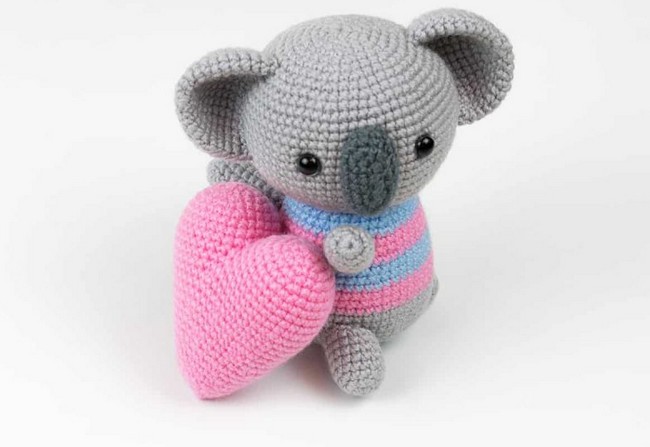 Crochet Koala With Heart Free Pattern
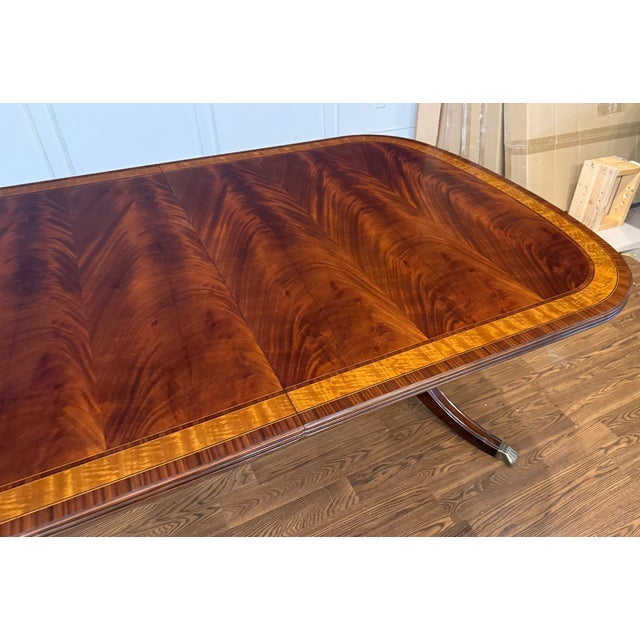 Traditional Multi-Banded Georgian Style Mahogany Dining Table by Leighton Hall - Showroom Sample For Sale - Image 10 of 16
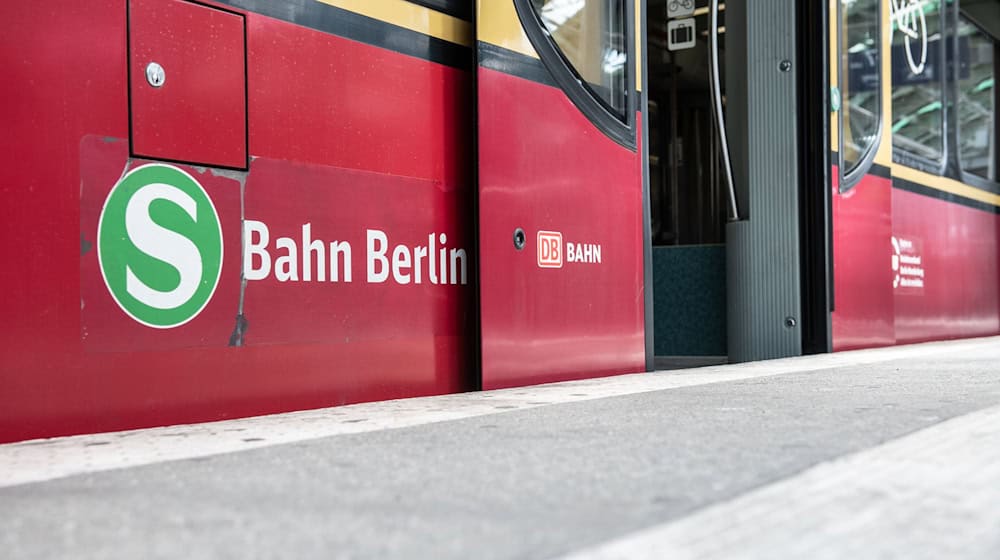 Ein Mann ist beim Flaschensammeln von einer S-Bahn erfasst worden. (Symbolbild) / Foto: Paul Zinken/dpa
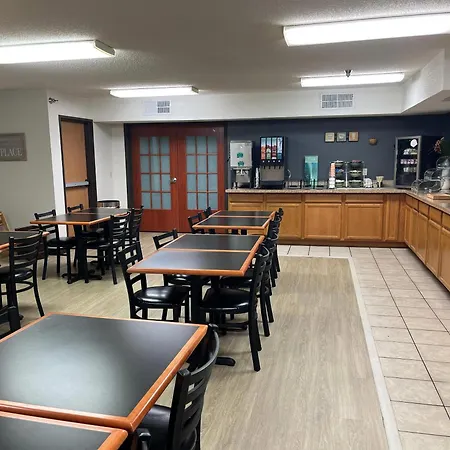 Quality Inn & Suites Watertown Near Prairie Lakes Ice Arena-3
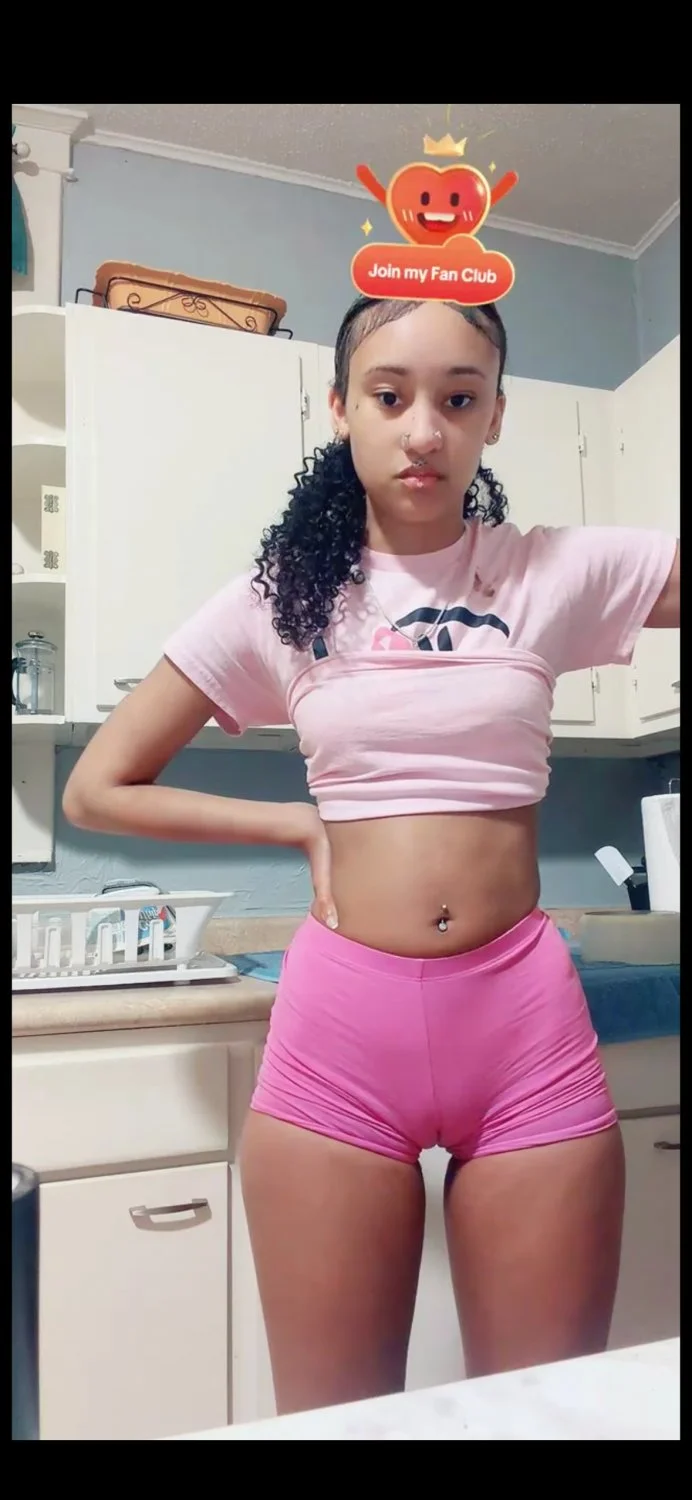 Fat pussy lightskins image 7
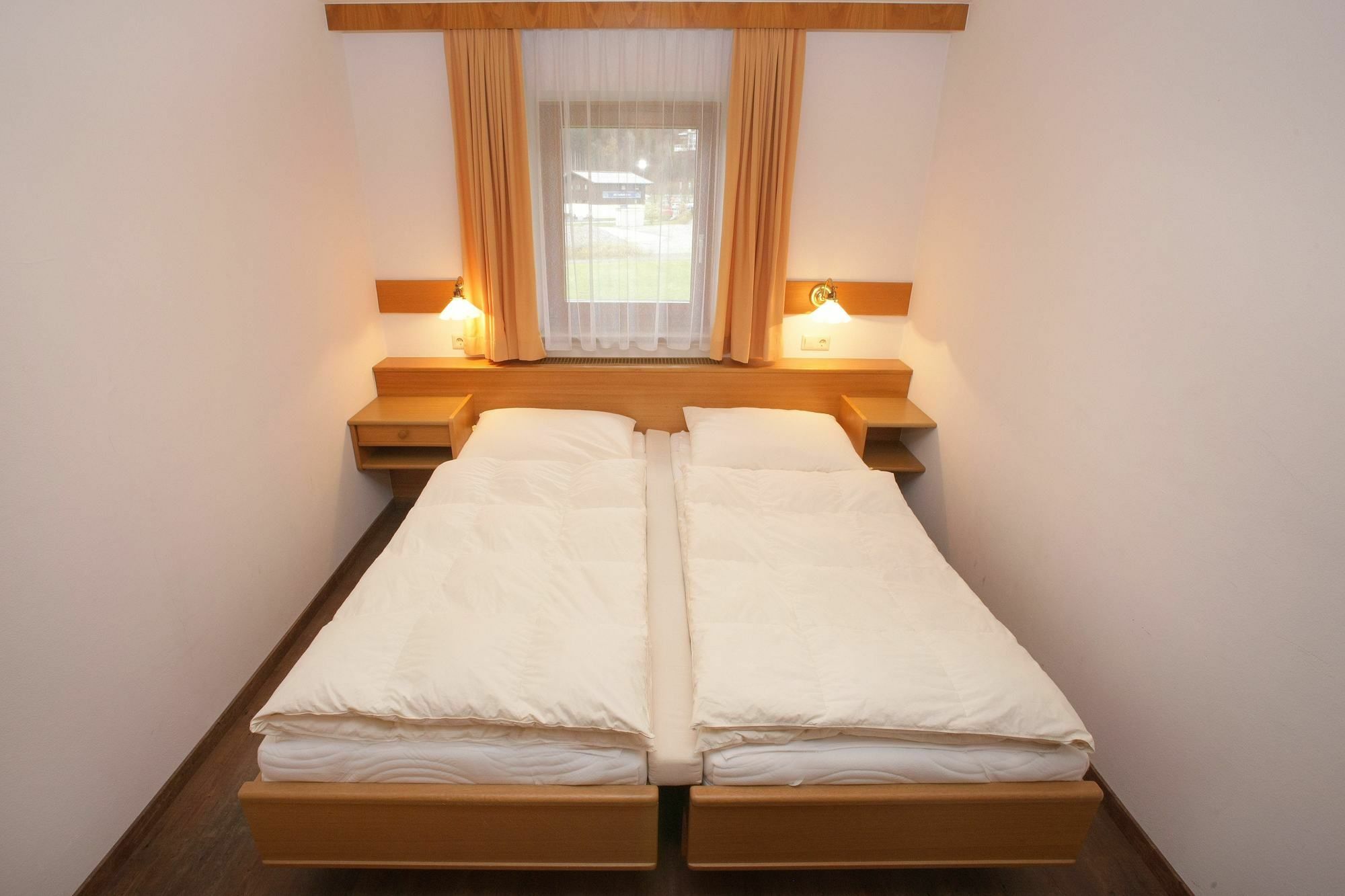 New! Tevini Alpine Apartments By We Rent Zell am See Luaran gambar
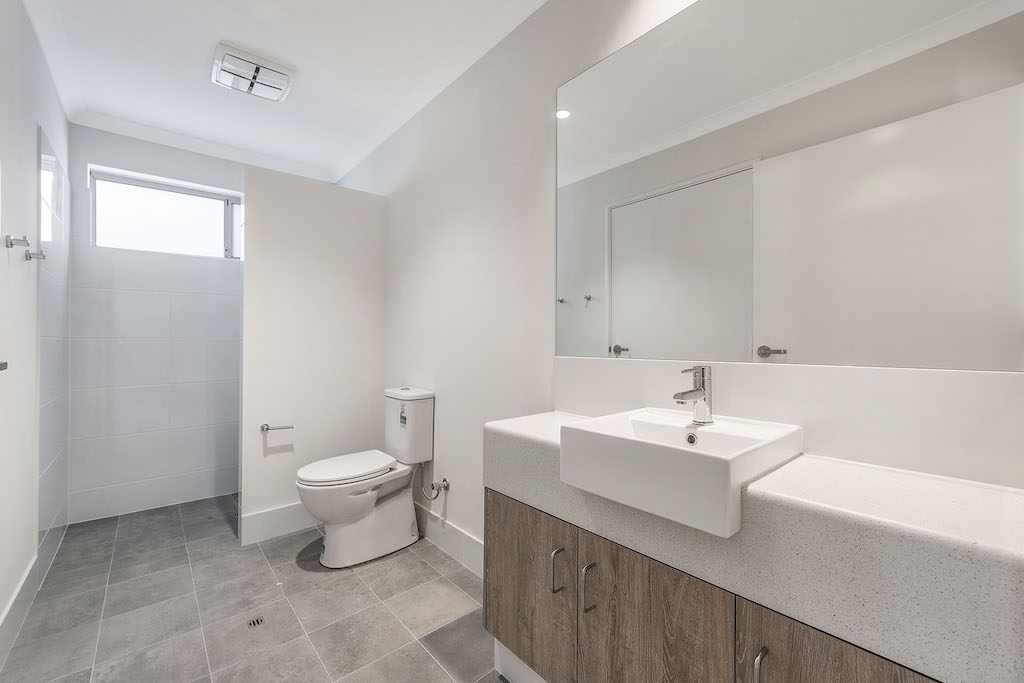 Sophisticated SDA High Physical Home in Baldivis — Home image 9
+ + + + + + +
### Description of the task
Give an exact copy of the listing, without its pictures.

### Task answer
 Crochet Koala With Heart Free Pattern
 Traditional Multi-Banded Georgian Style Mahogany Dining Table by Leighton Hall - Showroom Sample For Sale - Image 10 of 16
 Ein Mann ist beim Flaschensammeln von einer S-Bahn erfasst worden. (Symbolbild) / Foto: Paul Zinken/dpa
 Quality Inn & Suites Watertown Near Prairie Lakes Ice Arena-3
 Fat pussy lightskins image 7
 New! Tevini Alpine Apartments By We Rent Zell am See Luaran gambar
 Sophisticated SDA High Physical Home in Baldivis — Home image 9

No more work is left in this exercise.